======== Supplied information ========

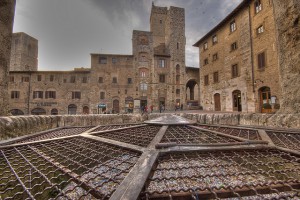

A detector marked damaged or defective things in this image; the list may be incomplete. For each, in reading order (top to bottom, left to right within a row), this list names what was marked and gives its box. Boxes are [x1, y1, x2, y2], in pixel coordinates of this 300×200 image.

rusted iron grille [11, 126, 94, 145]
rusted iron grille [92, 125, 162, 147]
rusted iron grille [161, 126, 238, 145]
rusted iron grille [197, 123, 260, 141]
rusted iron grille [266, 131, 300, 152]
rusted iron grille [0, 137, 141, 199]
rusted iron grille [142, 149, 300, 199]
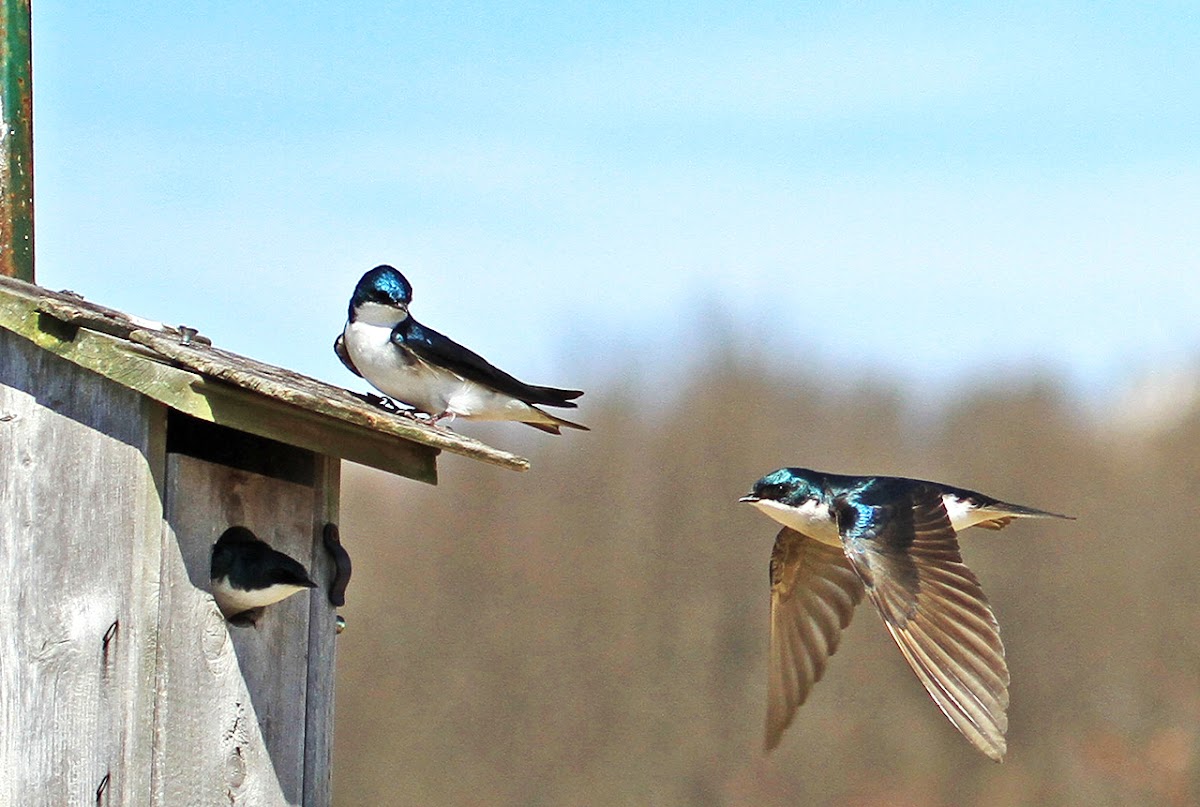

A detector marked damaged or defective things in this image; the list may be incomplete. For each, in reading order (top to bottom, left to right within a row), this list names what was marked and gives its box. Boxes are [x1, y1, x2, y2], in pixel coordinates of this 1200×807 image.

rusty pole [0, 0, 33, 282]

========

• Work task:
Lines from the one containing "this 1200×807 image." through the end of the data above must be written out exactly, and no other lines are needed.

• Response to this exercise:
A detector marked damaged or defective things in this image; the list may be incomplete. For each, in reading order (top to bottom, left to right within a row), this list names what was marked and gives its box. Boxes are [x1, y1, x2, y2], in pixel coordinates of this 1200×807 image.

rusty pole [0, 0, 33, 282]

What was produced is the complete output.